Most professional liability policies contain a consent clause with respect to settlement of claim. A consideration of insurers during settlement is the use of the consent-to-settlement provisions and "hammer clauses" in the policy. Because the insureds are professionals with reputations at stake, professional liability policies require that the insurer receive the insured's consent prior to settling any claims. As typically written, consent-to-settlement provisions allow the insured to veto any proposed settlement to which the insurer and a claimant might have tentatively agreed.

There are two important elements contained in the consent-to-settlement provision. First, the insurer is required to seek the insured's consent prior to settling any claim. However, if the insured withholds consent to a settlement, the insurer may exercise the "hammer clause". If the ultimate resolution of the claim exceeds that settlement amount, the insurer is liable only for the settlement amount upon which it initially agreed. In addition, the insured will be liable for those additional defense costs and expenses accrued from the point it refused to settle forward. For example, say a settlement demand is made for $50,000 which the insurer thinks is reasonable. The insured design professional refuses to consider the settlement and wishes to try the case. The insurer can exercise the "hammer clause" and take the position that it will pay $50,000 but any defense or indemnity costs in excess of that amount are not covered by the policy.

Practice v. Project Policies

There are two primary types of design professional policies. The first is a practice policy. These policies provide coverage for all of the professional liability claims which arise in a given annual term. The limits of these policies, which are on average $1,000,000, can be eroded by claims arising from any of the work the design professional performs in that year and often in prior years.

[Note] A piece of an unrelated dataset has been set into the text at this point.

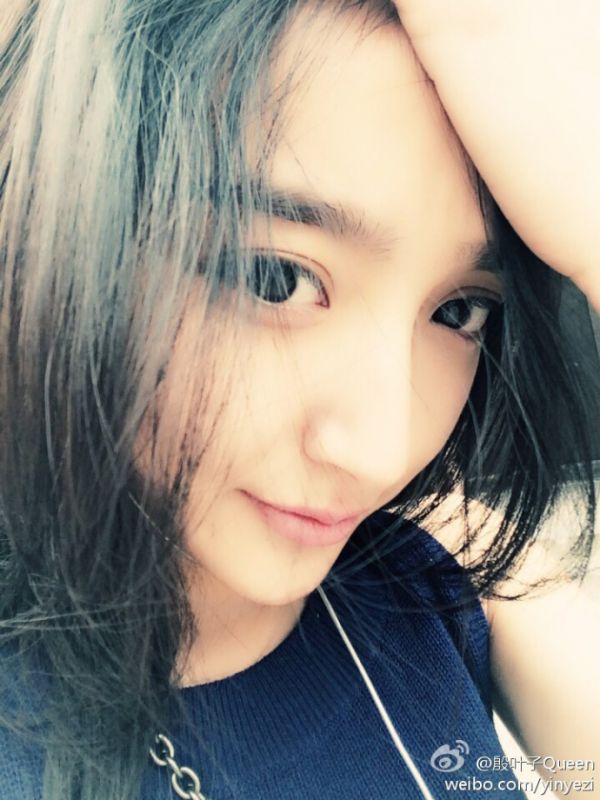 素颜美女殷叶子清新写真图片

The second primary type of design professional policy is the project policy, which typically covers all design professionals on a given project. In the absence of a project policy, an owner must rely on each design professional on the project to provide evidence that it has specified amount of limits in place under the design professional's annual practice policy and that its policy terms provide adequate coverage. This arrangement may not always provide adequate comfort or protection to the Owner. The cumulative policy limits may be inadequate, particularly if depleted by claims on other projects.

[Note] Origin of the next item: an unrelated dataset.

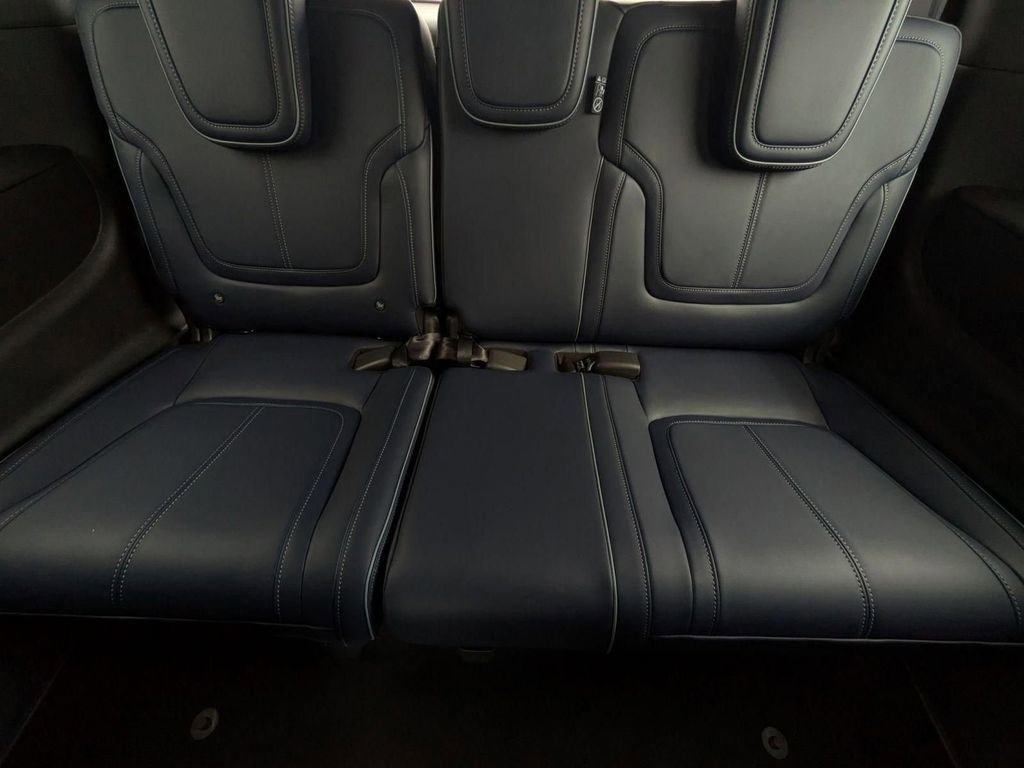 New 2026 INFINITI QX80 4WD w/ Sport Exterior Package image 29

Coverage may lapse before the expiration of any applicable statutes of limitation or repose. There are plenty of opportunities for gaps in coverage.

Insurers developed the project policy in response to the need to eliminate such gaps and to make the insuring of projects more manageable. Unlike practice policies which cover each design professional firm separately, the project policy covers all of the design professionals including all of their subconsultants on the project under one policy. The project policy covers the term of the project plus provides a discovery period which usually matches or at least approaches the statute of repose and provides adequate limits dedicated to that one project. The Owner is assured that limits are in place and that all parties are covered and that the terms of the policy are consistent and negotiated as fairly as possible. There is no administrative hassle of verifying coverage on an annual basis. Since Owners are historically the most likely claimants on construction projects, Owners are particularly concerned that there will be sufficient limits under design professional policies to cover their claims.